• TRY IT
Your answer should consist only of the records, copied exactly, with the images removed.

Image-caption web data
+++++

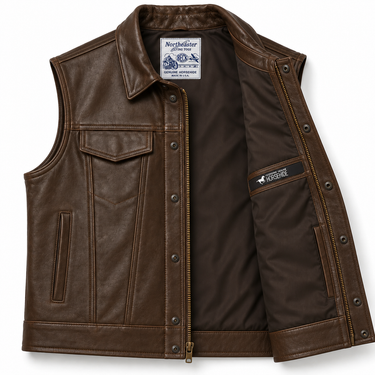BECK® 501 Trucker Horsehide Vest — Chestnut Brown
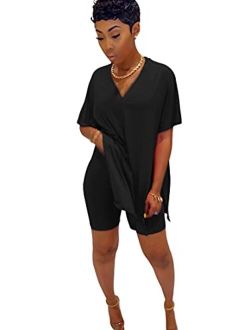 Plus Size Tops for Women 2 Piece Summer Outfits Shorts Sets Lounge Sets Tracksuits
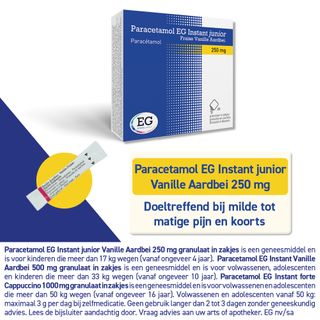 Paracetamol EG Instant Junior 250 mg | Pijn & Koorts | Vanille Aardbei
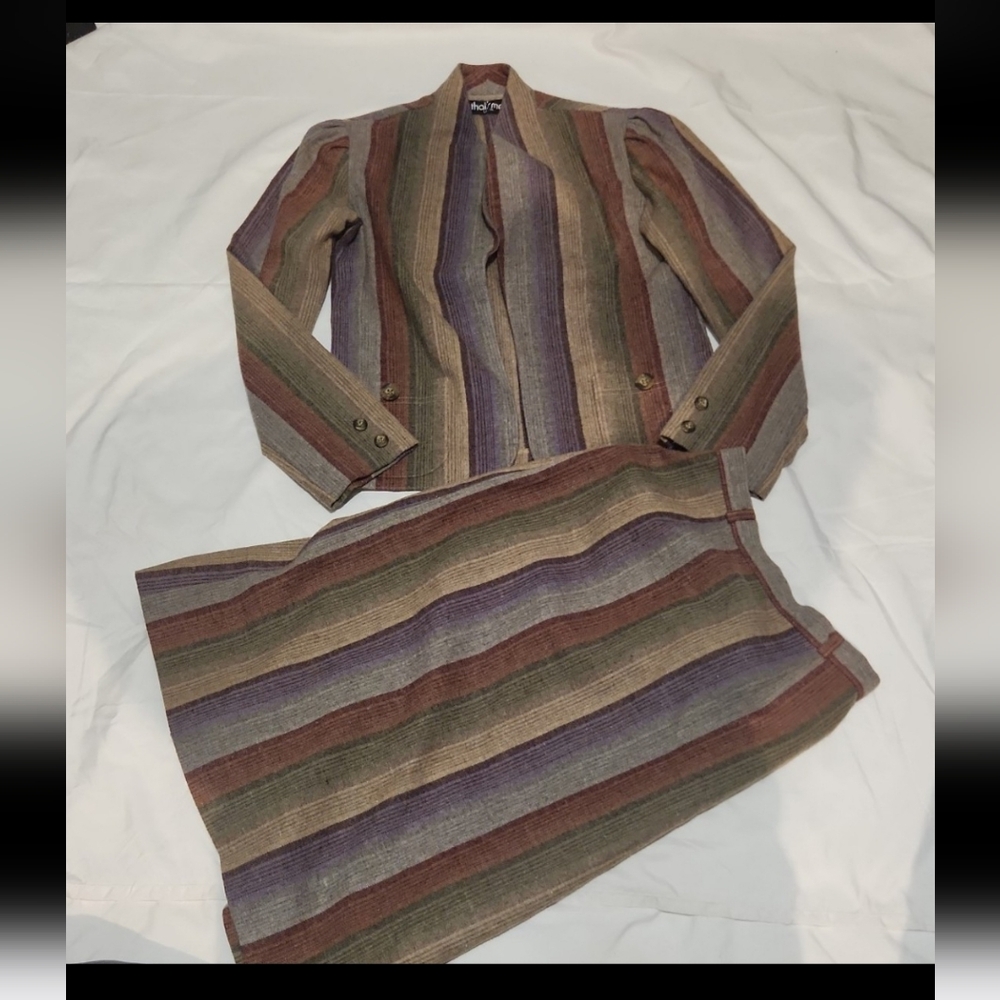Thats me Women's size 5 brown striped vintage skirt suit #U05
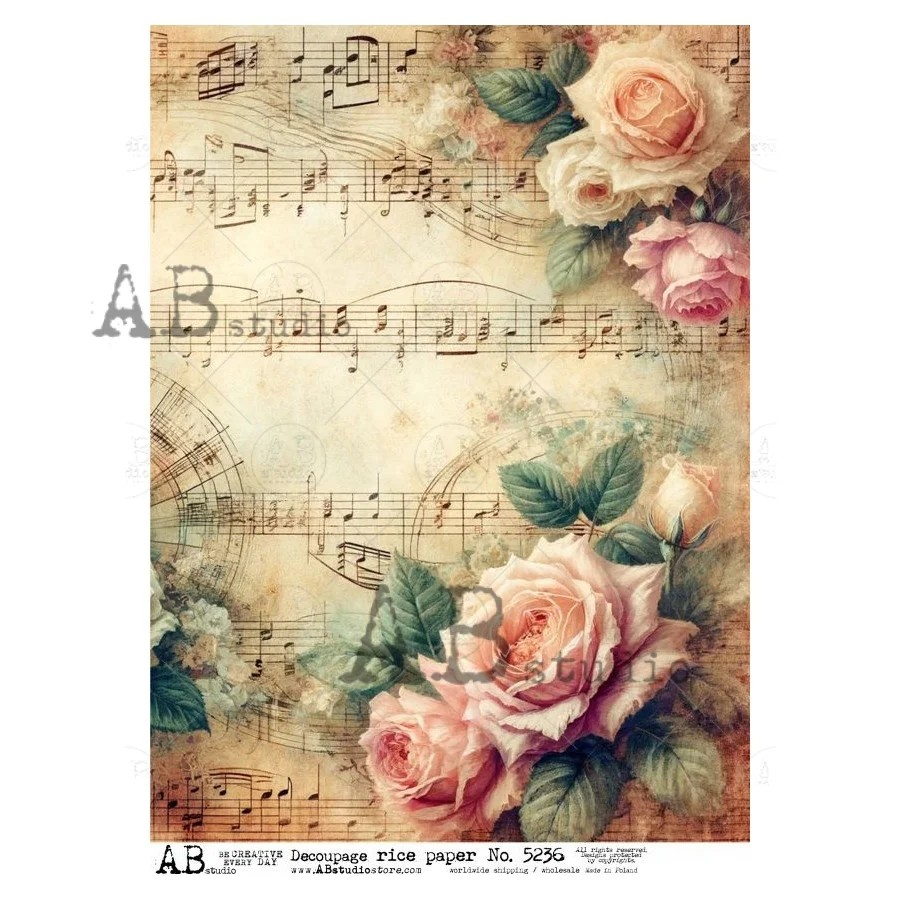 Item No. 5236 Vintage Musical Florals Decoupage Rice Paper A4 by AB Studio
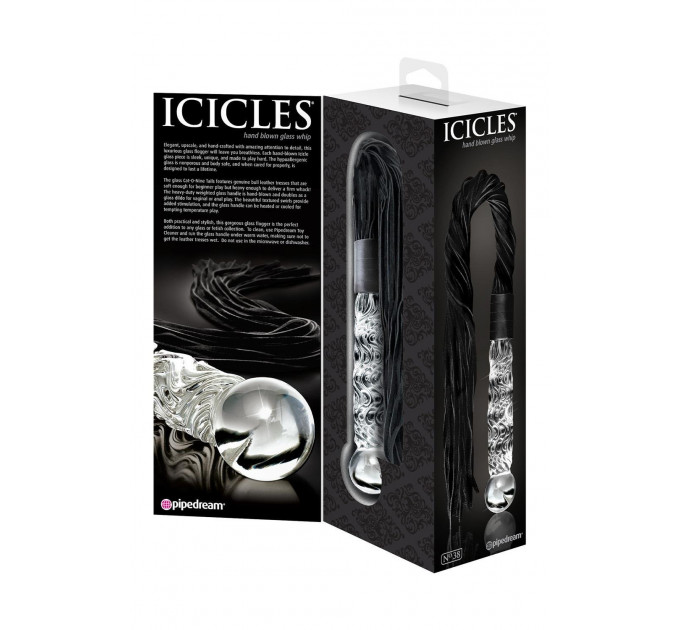 Фалоімітатор-батіг Pipedream Icicles No 38 скло та замш, 17 см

+++++

• EXERCISE RESULT
BECK® 501 Trucker Horsehide Vest — Chestnut Brown
 Plus Size Tops for Women 2 Piece Summer Outfits Shorts Sets Lounge Sets Tracksuits
 Paracetamol EG Instant Junior 250 mg | Pijn & Koorts | Vanille Aardbei
Thats me Women's size 5 brown striped vintage skirt suit #U05
 Item No. 5236 Vintage Musical Florals Decoupage Rice Paper A4 by AB Studio
 Фалоімітатор-батіг Pipedream Icicles No 38 скло та замш, 17 см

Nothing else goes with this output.